We open with the illustriously titled “Untitled 1” – all the tracks are similarly untitled – to a little wiggle of fluttering synth, an odd injection of life into an otherwise melancholy matrix of subsequent dark drones and cloying, reverbed, slow guitar. There’s a thick sub-bass that permeates the piece also, a deepseated rumble carefully ebbing and flowing as the processed guitar loops continue their depressing migration above. There’s a Douglas Adams quote that I feel is marginally appropriate here;
“In the beginning the Universe was created. This has made a lot of people angry and has been widely regarded as a bad move”.
It feels like Penso is mirroring this sentiment as it fills with something akin to depression and teenage angst, contemplating the worthlessness of existence. “Untitled 2” comes right in to pick up the pieces but does not serve to lighten the mood, simply diffusing the tensions created. It’s only a short interlude, a little intermission filled with fuzzy drones, but it’s enough.
“Untitled 3” has a light on the horizon. Through the thick, jaded organ fog come these little slivers of light, some utterly unrecognisable instrumentation cutting through the fugue in gentle waves in these slowly looping pulses. The whole track is sparse, unchaotic, almost menacingly peaceful, like the fringe of some past battle site. There’s no wistfulness here, only fact, just a somewhat clear memory that has for some reason stuck, something in the slowly clearing air after a period of mourning. As we move into the mid-album with “Untitled 4” this hazy lightness continues on, becoming progressively more prominent in these, what sound like, tired tape loops. There’s still a lingering sadness in the slow, thin melodies but it’s clearing now.

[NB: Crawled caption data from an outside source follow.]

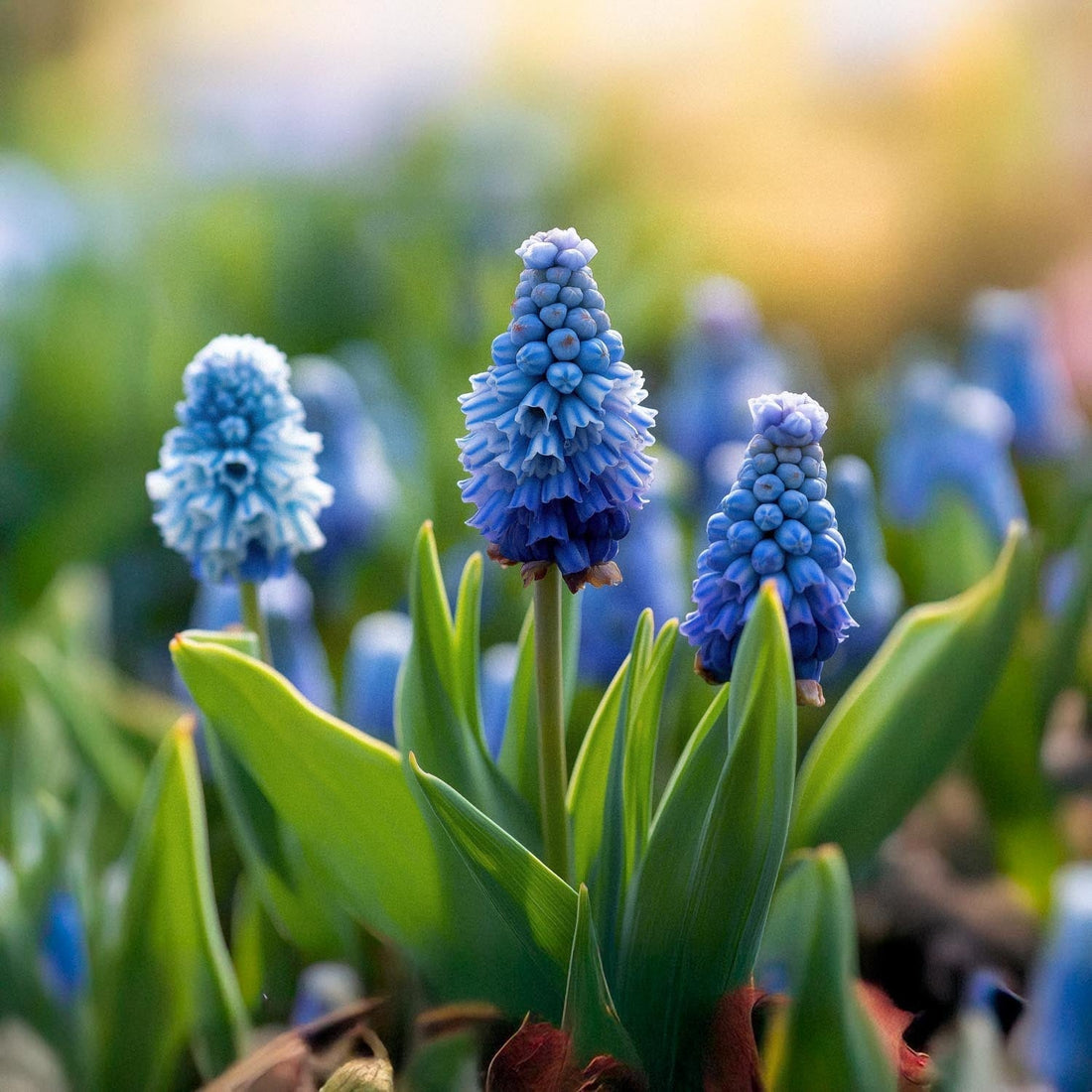 Traubenhyazinthe, Muscari 'Azureum'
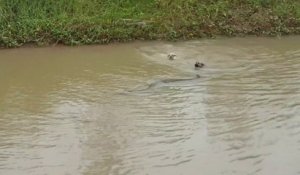 2 chiens poursuivent un énorme python dans l'eau... même pas peur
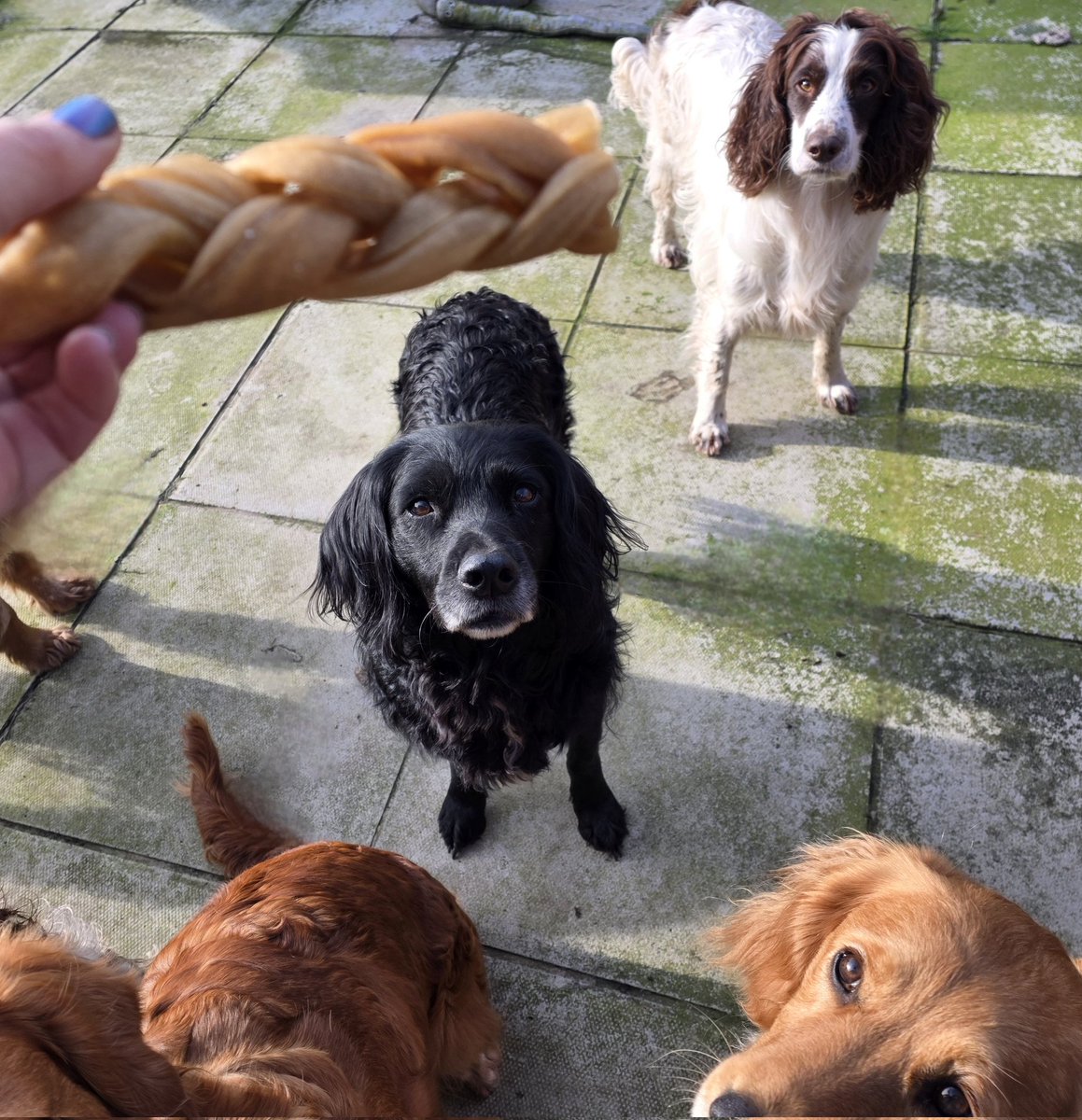 Mrs C's magic settee 🐶🐶🐶🐶🐶🐶🐶🐶🐶🐶🐈‍⬛ tweet media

It’s getting menacing and darker again in “Untitled 5” however; a cycling bass beat starts kicking through the track like a heartbeat, a creepy sustained rhythm that the unsettling field recordings and wavering organ drones thrive off. Gradually, second by second, the whole thing moves in a great wave as it gains height and mass, growing in volume and power, some threatening event creating tension and questioning realities progressively escalating. It eventually plateaus off in a moment of hesitation and then it’s gone, the moment passed. And “Untitled 6” also passes this moment off as anomalous as the album picks right up where it left off. Looped vocal fragments come through strongly and have a surprisingly powerful influence on the direction of this track, even though I think it is an unnecessary introduction.
Fortunately “Untitled 7” does away with the gratuitous female intrusion and strikes a generally more evocative tone by suppressing the sound of the human voice, instead injecting it into the mix as distal and echoic splinters of noise sounding ghostly and ethereal, like trying to remember a long forgotten face and conversation. They blend seamlessly with the background noise of our mind, these glacial, thick drones probably composed of heavily distorted organ, mirroring the difficulties we have in retaining memories as they rise up in heavy waves with the voices, desperately searching our memory banks but ultimately overshadowing that which they seek in the first place. Finally “Untitled 8” picks up the mantel to lead us out, away from Penso’s early years and into his adult life. The summary of all those agglomerated moments brought to bear in the closer. Bent, drawn out guitars are detectable once again, leading out their own micro-drones alongside the more powerful organ, but both merging together at times to further instill this idea of change and influence. It is a depressing finisher though, a casting glance back at our young lives we’re leaving behind and feeling pangs of regret and a desire to return, this nostalgia and sadness creeping over us in these slow drone washes.
Is it possible to get a sense of what these events in Penso’s early life were? Not really, but we are given an insight into the emotional rollercoaster that it was. Largely we either look back at the better moments with a pang of wist and a desire to return, but also the more sad and lonely moments with those same sensations and a certain desire to avoid that feeling again. We’ve learnt enough in these formative years, it’s finally time to move on and start using that knowledge. It’s clearly a deep and heartfelt release but it’s hard to see the framework and while easy to emapthise with, not so easy to sympathise with. Not as enthralling on repeat listen but decent nonetheless.
Album to be released on the 15th November via Denovali.